La Unión Europea estrena estructuras políticas derivadas de la vigencia del Tratado de Lisboa. Necesita demostrar al mundo y demostrarse a sí misma que su futuro es posible, más allá de unos postulados teóricos. Nada mejor que aceptar el reto que le brinda el secretario general de las Naciones Unidas, Ban Ki-moon : liderar la reconstrucción de Haití. El nuevo mundo se está dibujando en una nueva correlación de poder en la que incluso Estados Unidos, de la mano de Barack Obama , ha entendido que los valores de la vieja Europa que detestaban Bush y Rumsfeld son imprescindibles en el nuevo equilibrio mundial. No queda mucho tiempo para ocupar silla en la nueva geopolítica. Y a la necesaria e imprescindible solidaridad con Haití se acomoda la urgencia de que la Unión Europea demuestre que su proyecto de una política unitaria está ya engrasado para operaciones estratégicas y de emergencia en donde el Viejo Continente deje de ser el niño protegido por Estados Unidos como herencia de la guerra fría.

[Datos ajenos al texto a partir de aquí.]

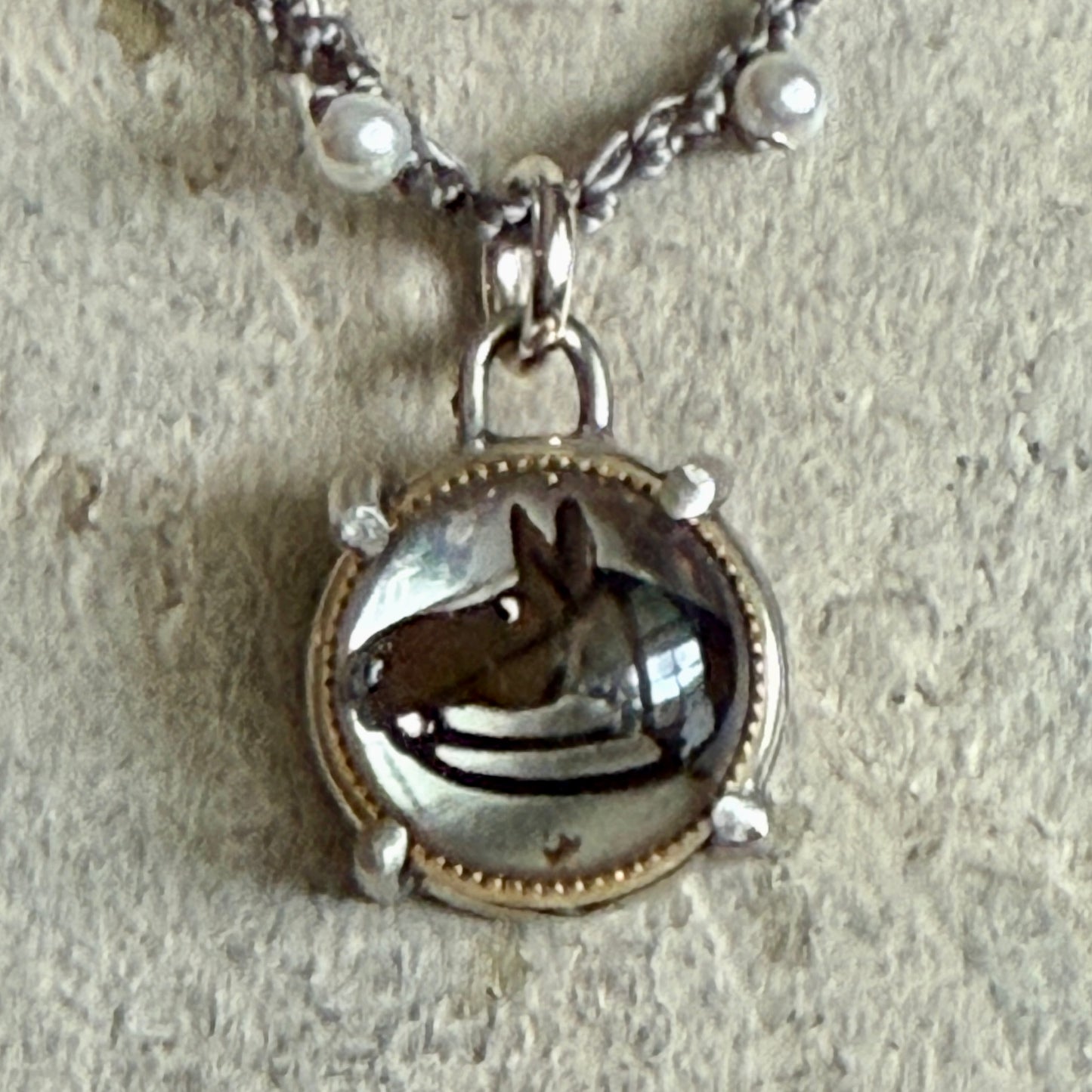 Little Lovely Crystal Horse Head Necklace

La eclosión de las nuevas potencias --China, la India, Brasil, y Rusia-- hace que la política internacional no tenga solo un padrino, gendarme del mundo y bombero de las catástrofes. En medio de una crisis económica que amenaza con repetirse en ciclos cada vez más cortos, los mecanismos de cohesión europeos son la única arma para que el crecimiento sea sostenible y las políticas europeas tengan una sola voz y un solo mando. Haití es al mismo tiempo una obligación y una necesidad para Europa.